Существует огромное количество произведений, которые в спальне не повесишь: картина не обслуживает интерьер. Если «Герника» Пикассо потрясает, это не значит, что человек отходит от нее подавленный и ему плохо. Нет — он же понимает, что это картина! Но душа обязана трудиться.
— В картине зафиксирована ваша эмоция, а работали вы над полотном не один день. Как соответствовать задаче, если каждый прожитый час дает человеку что-то свое? Есть ведь опасность однажды зайти в мастерскую в альтернативном настроении — и что делать?
— Эту работу я написал очень быстро, недели за две, не больше.
— Две недели тревоги!
— Ну что... Приходишь на работу, входишь в состояние.
— То есть нужно настроиться на картину и ей соответствовать?
— Да, конечно. Мы входим в диалог и начинаем работать. Но — не каждый день. Каждый день нельзя — с ума сойдешь.
— После перерыва можно от картины подзарядиться должным образом и продолжить?
— Глядя на работу снова, ты вспоминаешь все — как будто вчера было, вплоть до мелочей. Другое дело, что от длительного перерыва может пропасть свежесть первоначальных ощущений и появиться опасность ухода от основной творческой задачи.
— Разве картина не станет от этого только сложнее: одна эмоция, потом вторая, третья? Или они перечеркивают друг друга?
— Она может стать сложнее и даже обрести какое-то новое качество, но все равно это будет в ущерб изначальной идее.
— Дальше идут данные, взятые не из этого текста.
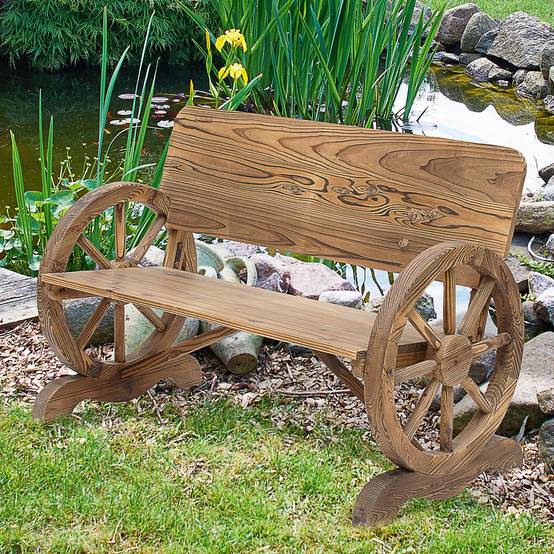 Banc de jardin 2 places en bois massif, accoudoirs, design roues de chariot, 114x58x80 cm, charge 250 kg, marron - Image 4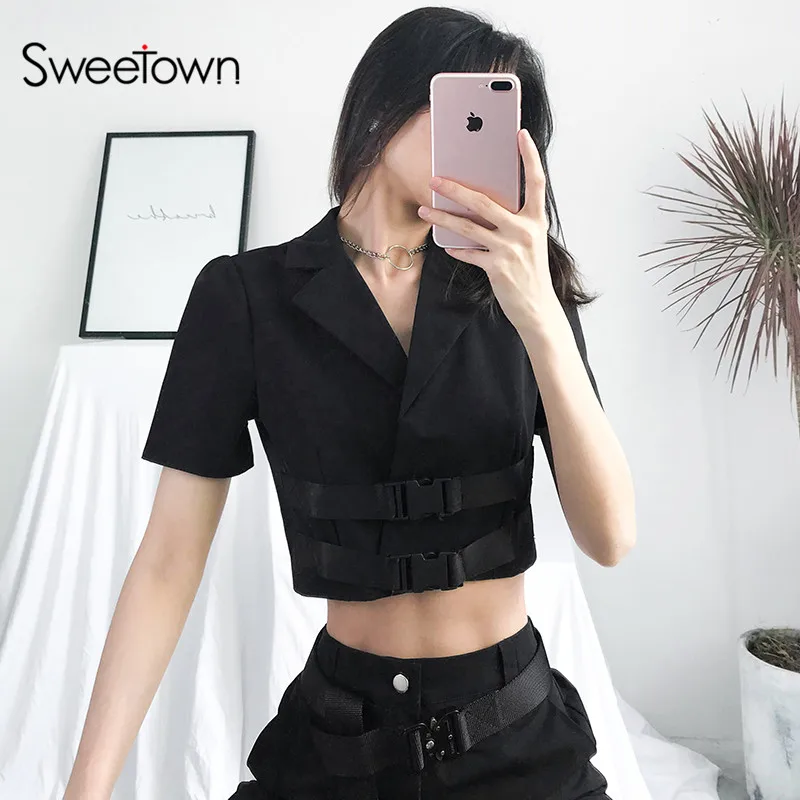 Sweetown Черная Широкая куртка с талией Лето женщины отложной воротник короткие куртки пластиковые пояса с пряжками куртка, Изготовленная с применением техники Открытый шов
Сидим под единственной картиной в галерее «Тату» и — в соответствии с изначальной идеей «Багдада» — испытываем некоторую тревогу. Чтобы успокоиться и успокоить всех, кто придет на выставку до 3 января следующего года, переключаемся на новогодние пожелания. В исполнении Николая Кривошеина они звучат так:
— Мира, добра, любви всем! Несвинства, негадкости, немерзкости! И побольше купаться в искусствах, которые приближают человека к Богу и отдаляют от скотства.